Following this slump in economic output in the first half of the year, there was a strong recovery in the summer months after the pandemic had been contained somewhat for the time being and the various lockdown measures had been partially lifted. The main stimulus to the economy in the summer was the financial aid package adopted in March. Key elements of the program were an increase in unemployment benefits until the end of July and one-off payments to low and middle-income households. A significant number of the unemployed are thus likely to have temporarily earned more than they previously did with a job. Above all, private consumption was thus supported. In addition, the savings rate of households has risen, allowing many people to build up a financial cushion for the following months.
As a result of these developments, gross domestic product grew strongly by 7.4 percent in the third quarter according to the Bureau of Economic Analysis (BEA). Similar to the previous slump, this growth is also the strongest since quarterly GDP data have been published. However, economic output in the third quarter was still 3.5 percent down on the level seen in the final quarter of 2019. Both private consumption and corporate investment have once again shot up. Private consumption grew very strongly by 8.9 percent in the third quarter, following a slump of 11.2 percent in the first half of the crisis. Not all consumption categories have been equally affected by the Corona crisis. Given that the various lockdown measures have restricted or rendered the provision of personal services impossible, real consumer spending on services as a whole slumped by 14.9 percent in the first half of the crisis and, against the backdrop of a further increase in the number of corona cases and restrictions, grew at 8.5 percent in the third quarter as well, less sharply than purchases of consumer durables, which even grew by 16.2 percent over the summer following a slight slump of 3.7 percent in the first half of the year. The crisis has so far also had less of an impact on non-durable consumer goods, which include food and other goods for daily use, than on services.
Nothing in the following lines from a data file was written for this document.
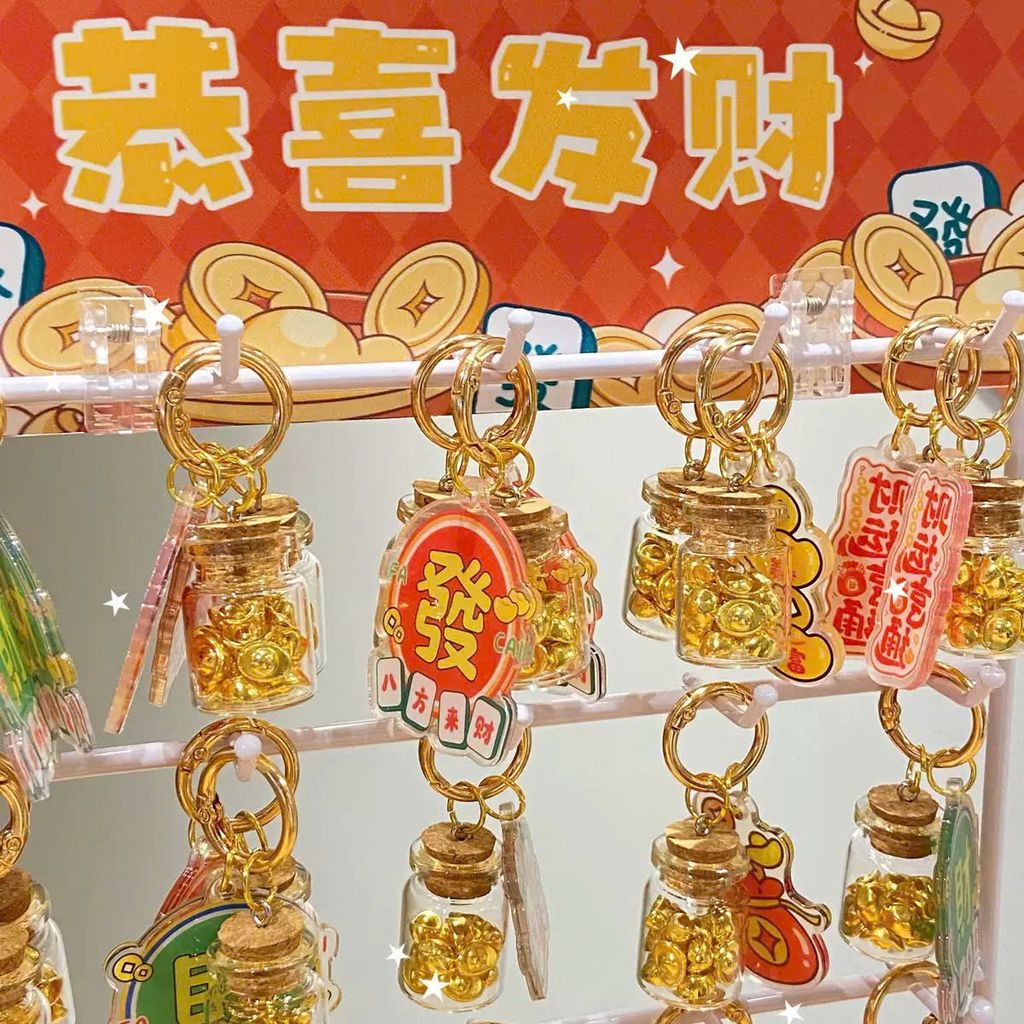 ** Móc khóa hủ vàng và thẻ mica nhiều hình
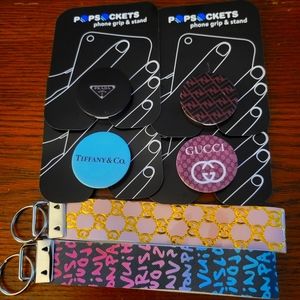 Keychains and popsockets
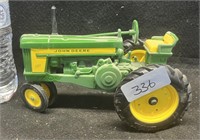 1/16 SCALE JOHN DEERE MODEL 720 DIE CAST TRACTOR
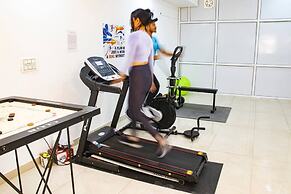 Modern Cyber Retreat With Gym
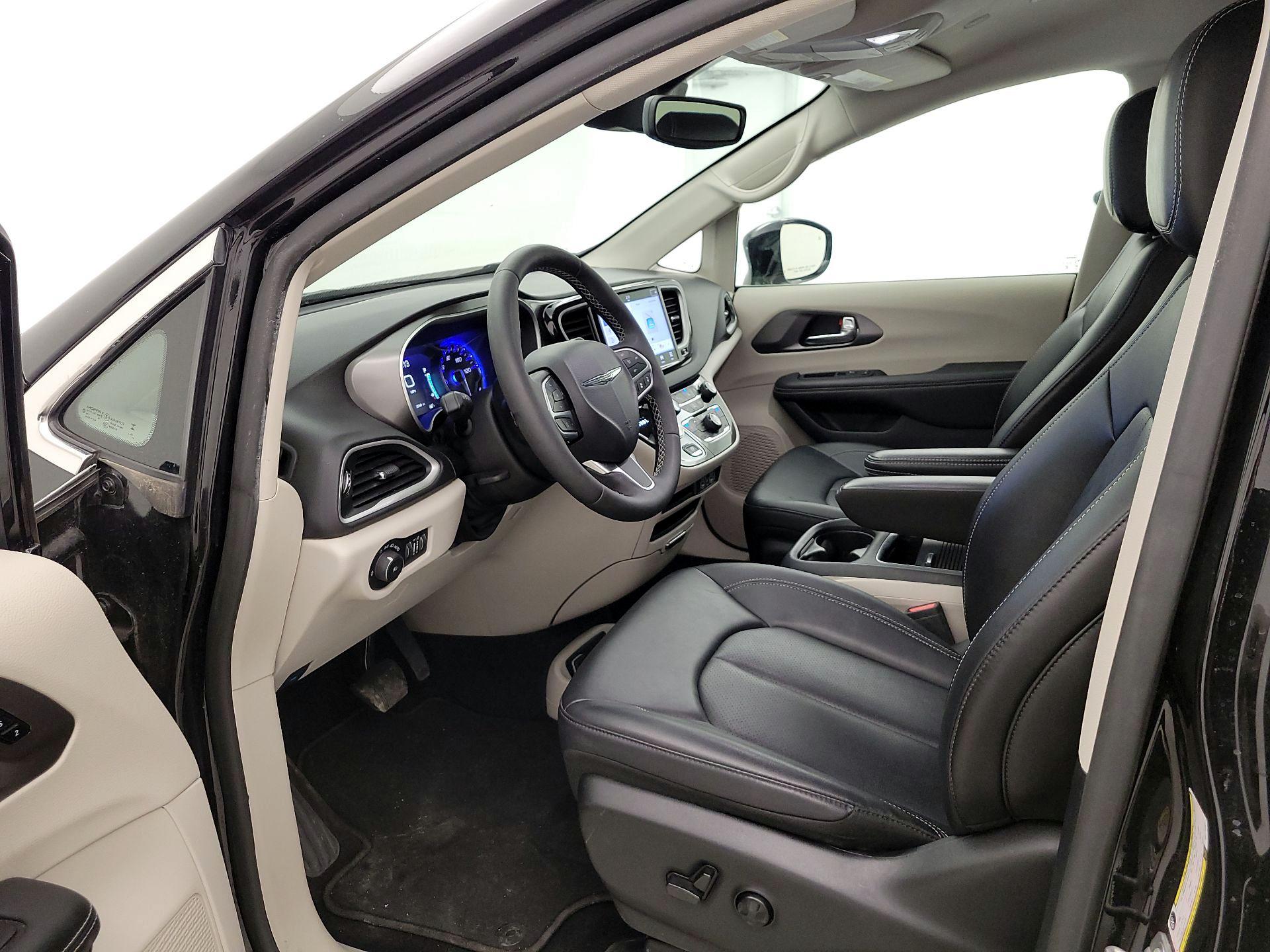 Thumbnail: 2024 Chrysler Pacifica - 11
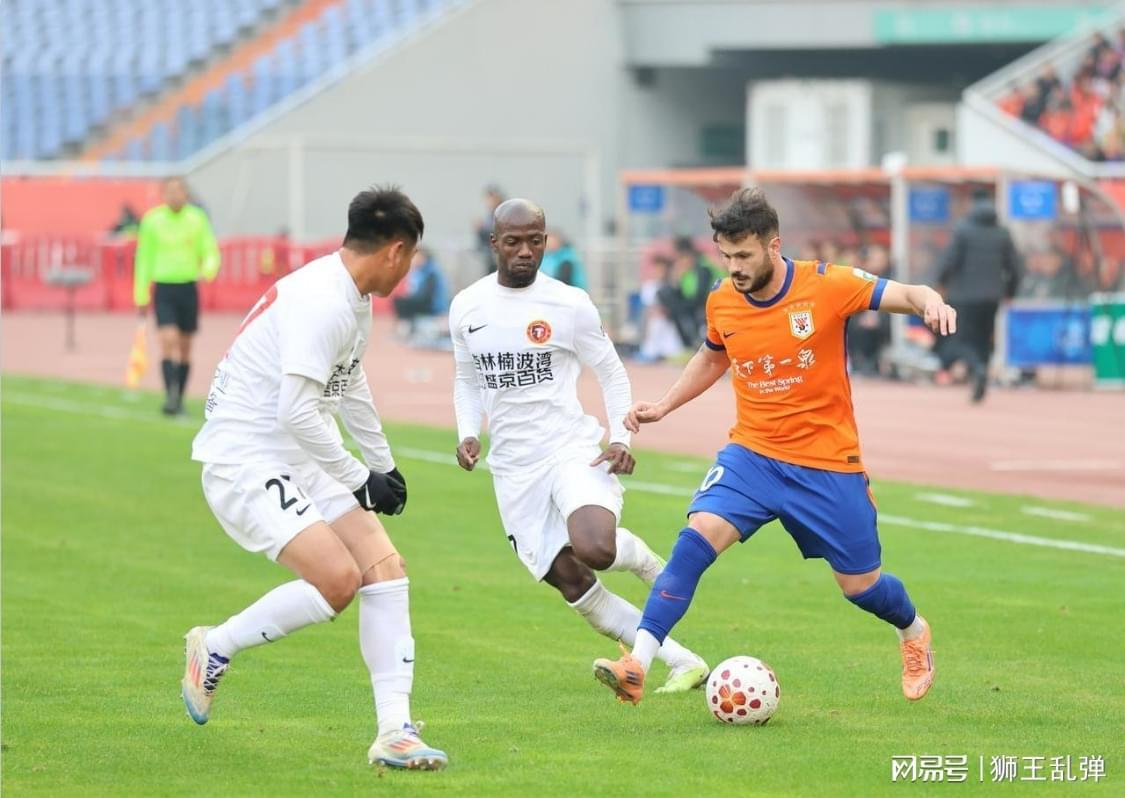 开云官网-两战0球1助，先别急着黑！瓦科才是泰山最被低估的定海神针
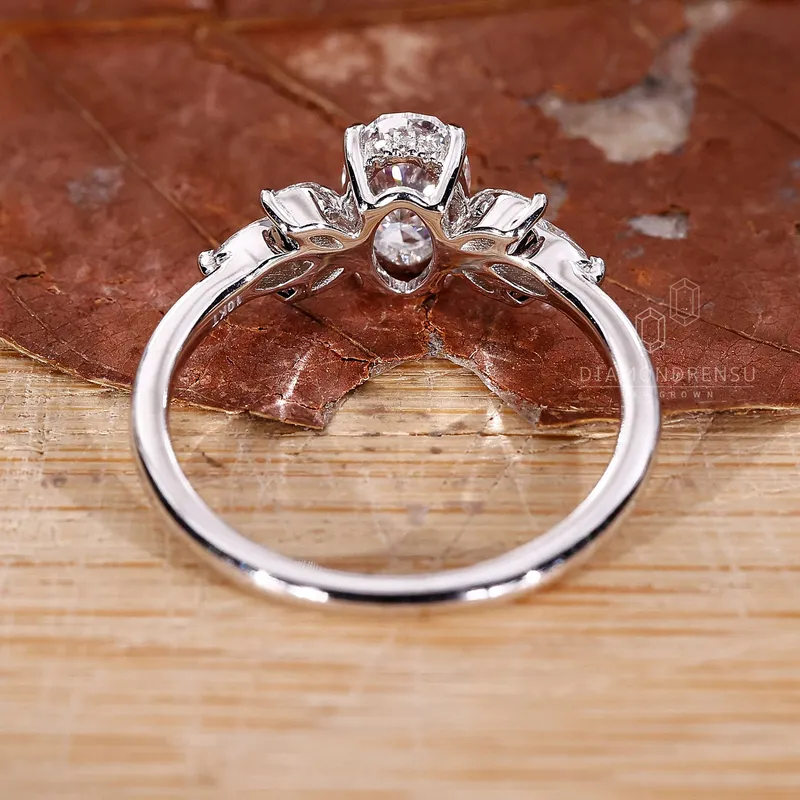0.70 to 2.0 CT Oval Cut Muse Setting Lab Grown Diamond Engagement Ring view 4
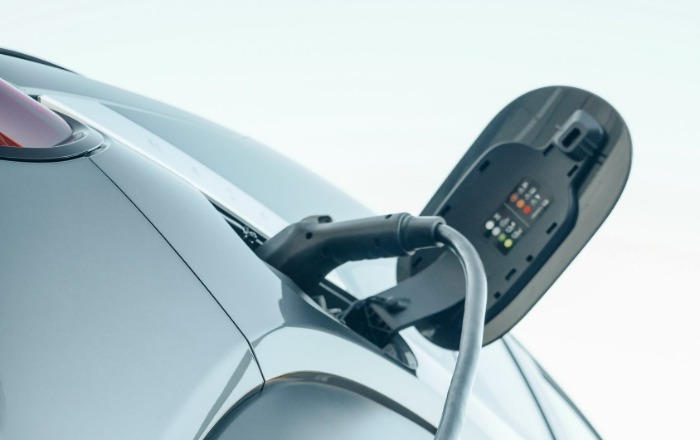 Úgy veszik az elektromos autókat, mint a cukrot - 75 százalékos volt a növekedés az első negyedévben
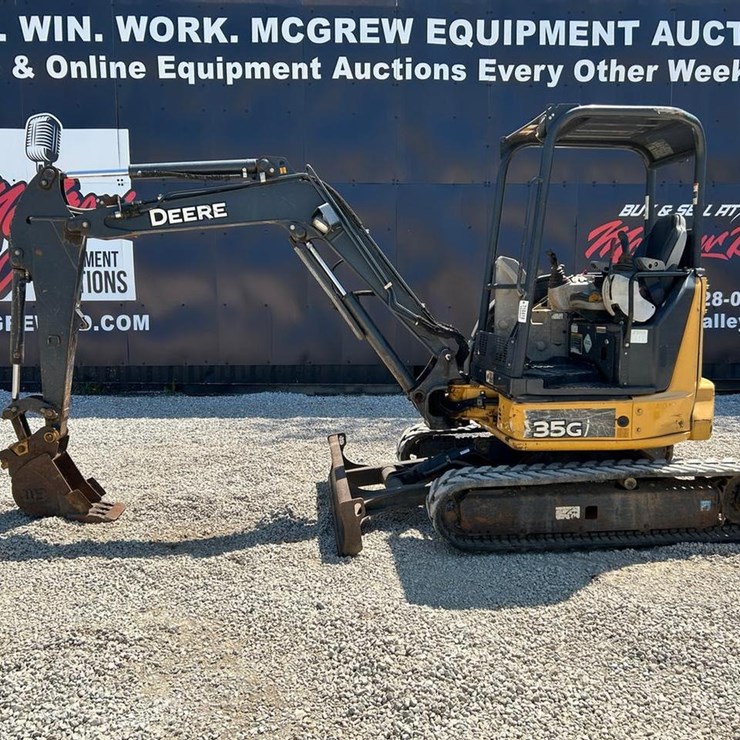 2016 DEERE 35G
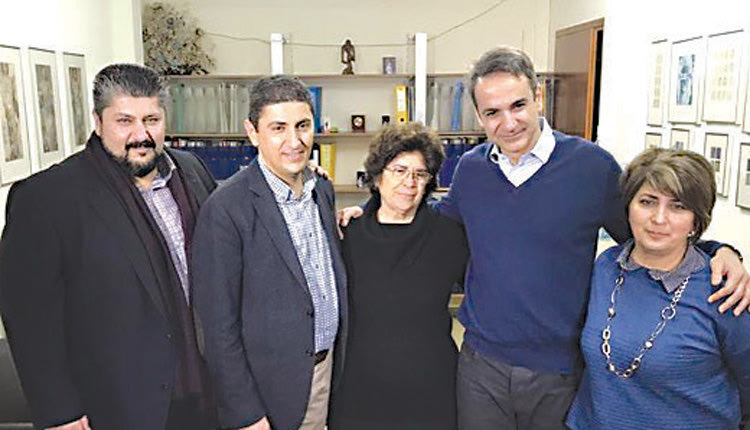 «Ιδιαίτερη χαρά, τιμή μα και συγκίνηση που ο προέδρος της παράταξής μας επισκέφθηκε το γραφείο στις Μοίρες, στο πατρικό μου είπε ο γραμματέας της ΝΔ Λευτέρης Αυγενάκης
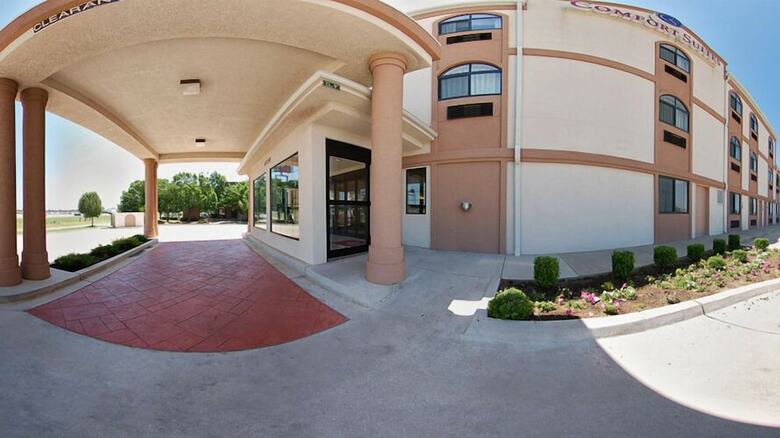 Hotel Comfort Suites Airport On Meridian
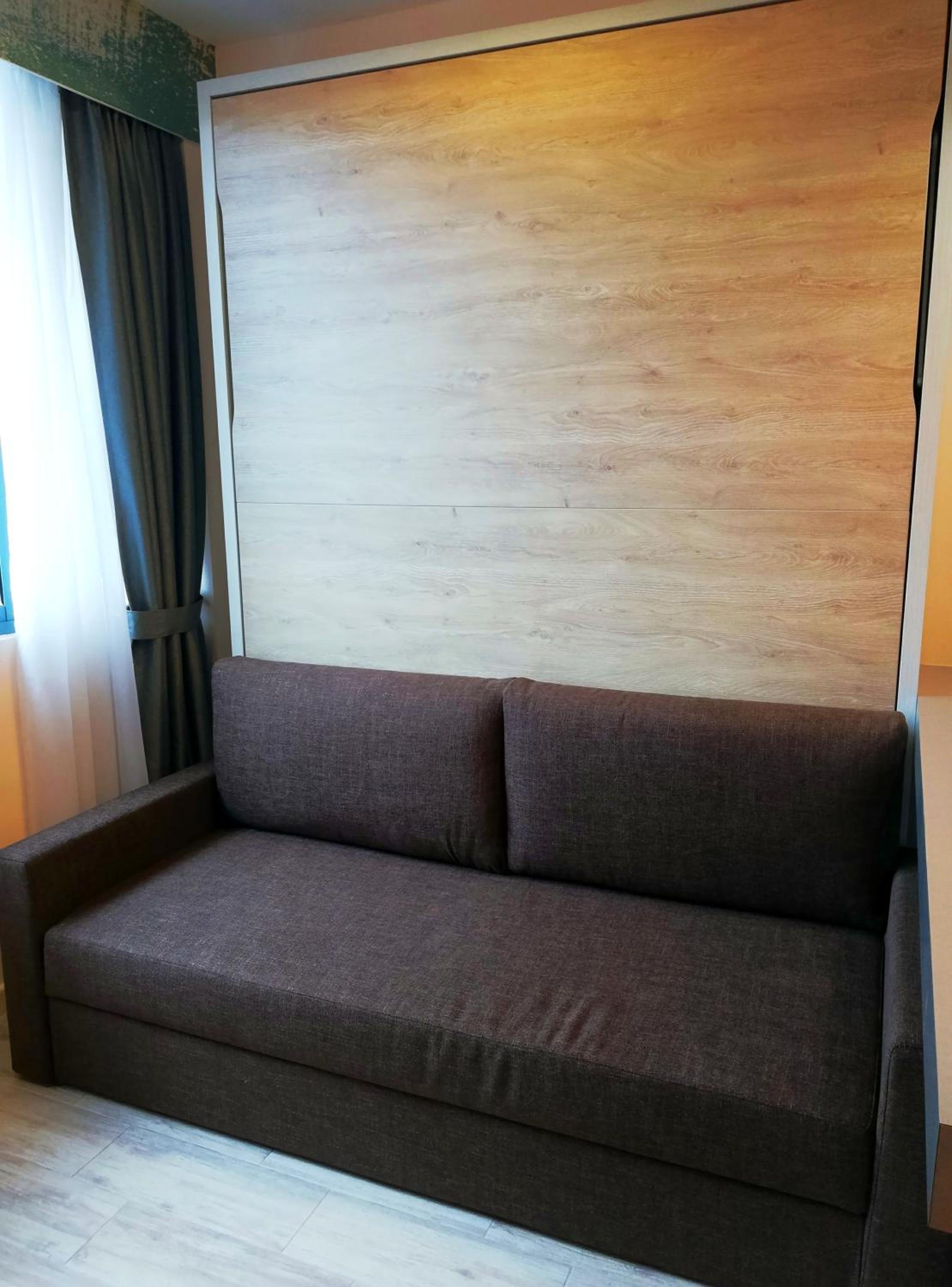 Deluxe SOHO Room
This pattern shows that the corona crisis differs markedly from other recessions, in which the purchase of durable consumer goods such as cars, furniture or computers is postponed, while personal services usually suffer less. The pattern to date also indicates that economic development in the coming months is likely to be severely dampened by the continuing high number of corona cases, since under these circumstances it is unlikely that the service sector will experience a strong recovery. The purchase of consumer durables to date may also be due to the fact that many households have temporarily made purchases for work from home, leisure activities or means of transportation, such as cars or bicycles, in the course of increasing work from home and avoiding large crowds of people, which may not be repeated to the same extent in the future.
Foreign trade also shows a pattern in which trade in services – which among others includes tourism and professional travel – has been affected much more than trade in goods. The United States’ trade balance deficit has risen significantly in this year of the Corona. By preventing an even sharper slump in private consumption, the financial stimulus measures also had a supporting effect on imports from the rest of the world.
Rather unexpectedly, corporate investment also showed a remarkably clear brighter picture in the third quarter, although there were various negative factors such as uncertainties about the further course of the pandemic and economic development, as well as the uncertain outcome of the US presidential and congressional elections. After a decline of 9.2 percent in the first half of the year, the third quarter saw an increase of 4.7 percent. As expected, investments in equipment were volatile this year, while spending on research and development or software, which is also otherwise less sensitive to economic cycles, reacted much less strongly and less quickly to the slump and recovery of the economy. The economic recovery is now likely to slow down significantly. The pandemic still has the country in its grip and is repeatedly leading to new restrictions on economic activity in some states.